*** Opening Extracted entries ***
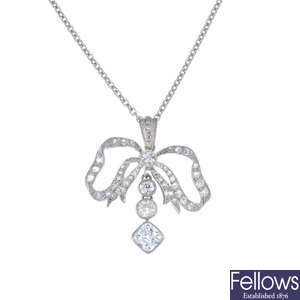 A diamond bow pendant.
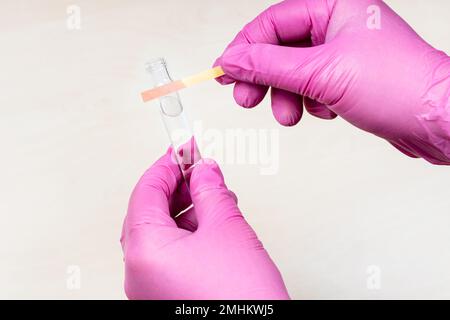 mani che tengono il test al tornasole di acido rosa e la provetta su un tavolo leggero Foto Stock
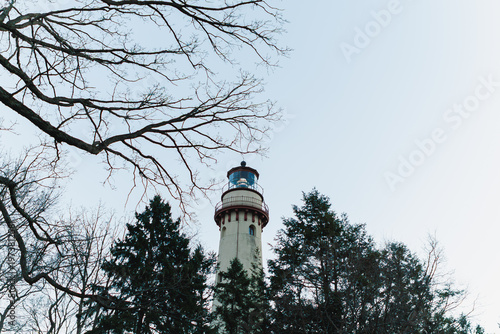 Fotografie Lighthouse stands in a forest during the day with bare branches and green trees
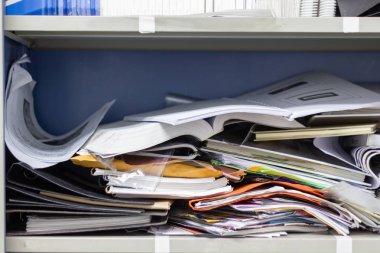 Çalışma ofisindeki dosya dolaplarında dağınık dosya ve ofis malzemeleri 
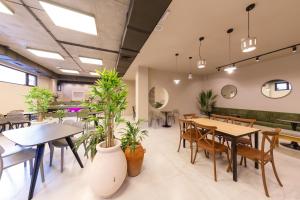 a restaurant with tables and chairs and potted plants at Doors Hotel in Tbilisi City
*** Closing Extracted entries ***
#### Problem requirements
Begin at the line containing "Çalışma ofisindeki dosya" and stop at the final line of the data. Retype those lines exactly, without the pictures.

#### Solution to this problem
 Çalışma ofisindeki dosya dolaplarında dağınık dosya ve ofis malzemeleri 
 a restaurant with tables and chairs and potted plants at Doors Hotel in Tbilisi City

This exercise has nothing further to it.